COLLECTED DATA
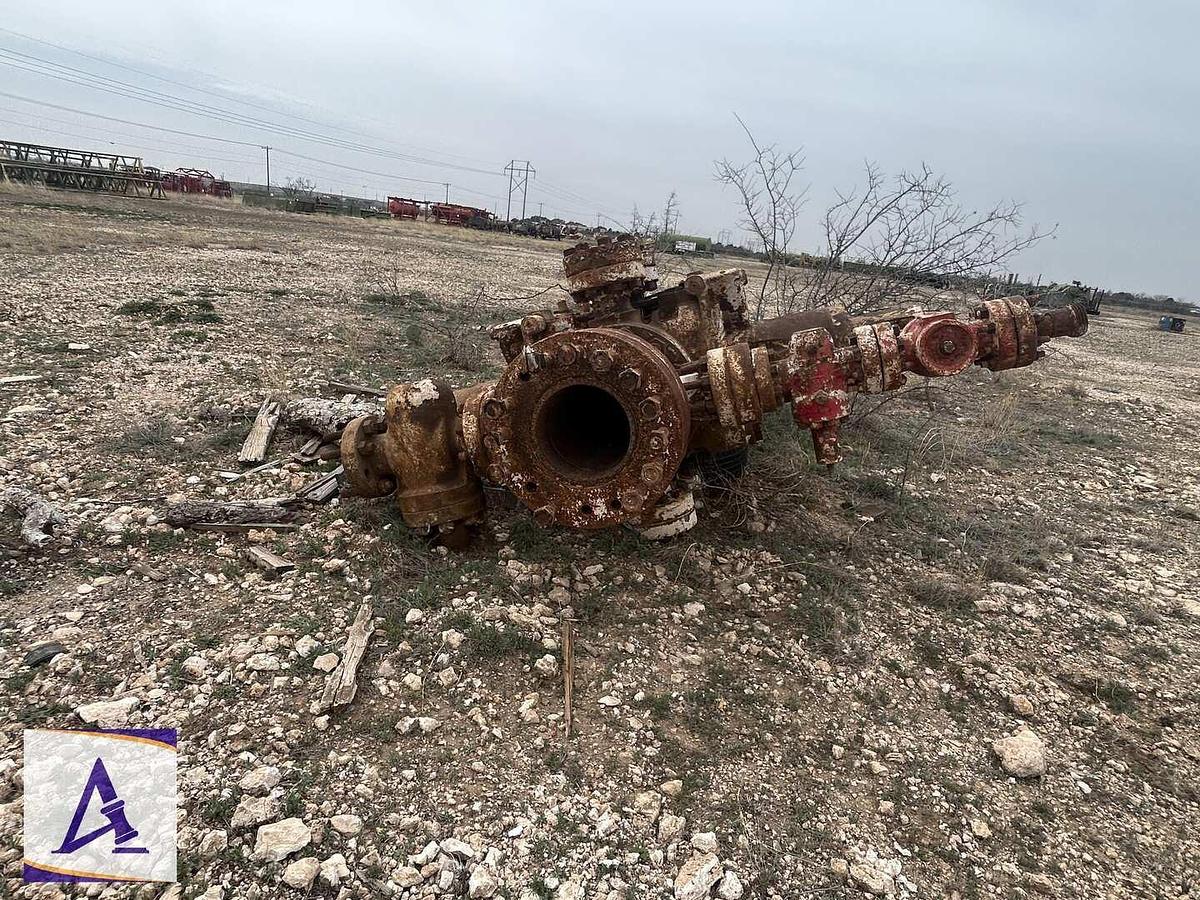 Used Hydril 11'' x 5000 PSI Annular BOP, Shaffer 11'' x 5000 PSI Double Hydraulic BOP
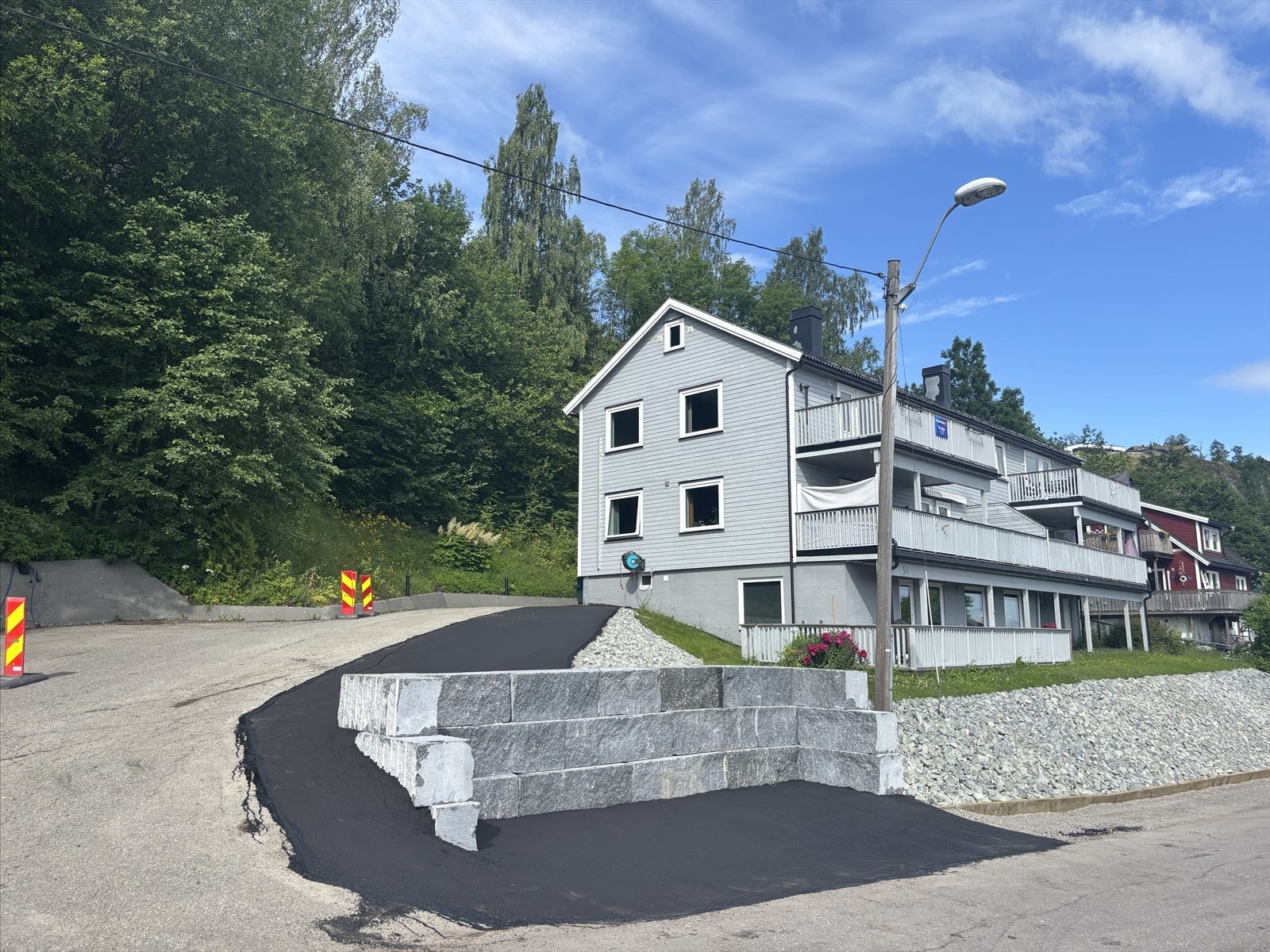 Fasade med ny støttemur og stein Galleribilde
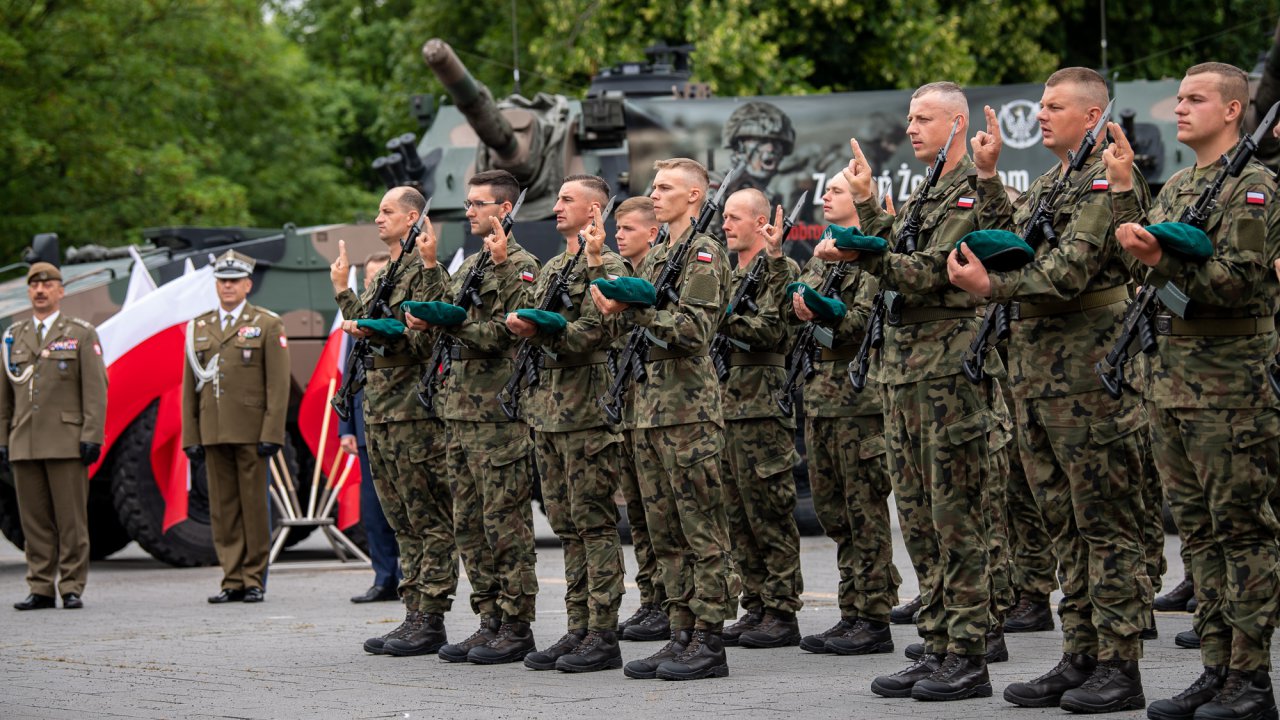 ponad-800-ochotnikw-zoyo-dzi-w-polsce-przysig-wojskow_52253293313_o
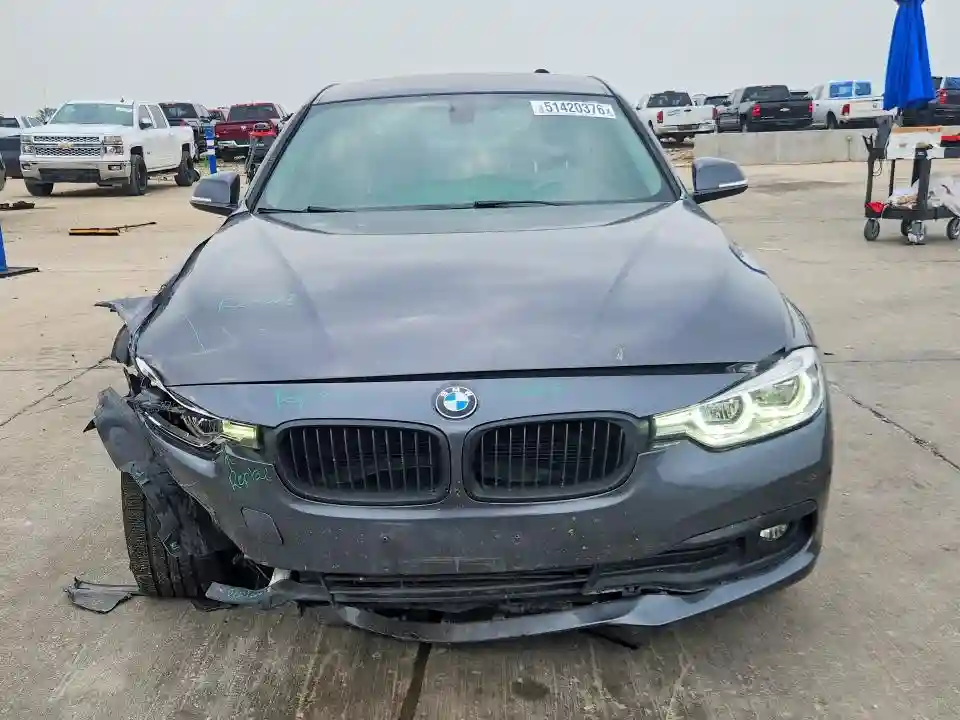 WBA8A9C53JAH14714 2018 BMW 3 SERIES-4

PROBLEM TO WORK ON
Output the material word for word, omitting its pictures.

COMPLETED EXERCISE
 Used Hydril 11'' x 5000 PSI Annular BOP, Shaffer 11'' x 5000 PSI Double Hydraulic BOP
 Fasade med ny støttemur og stein Galleribilde
 ponad-800-ochotnikw-zoyo-dzi-w-polsce-przysig-wojskow_52253293313_o
 WBA8A9C53JAH14714 2018 BMW 3 SERIES-4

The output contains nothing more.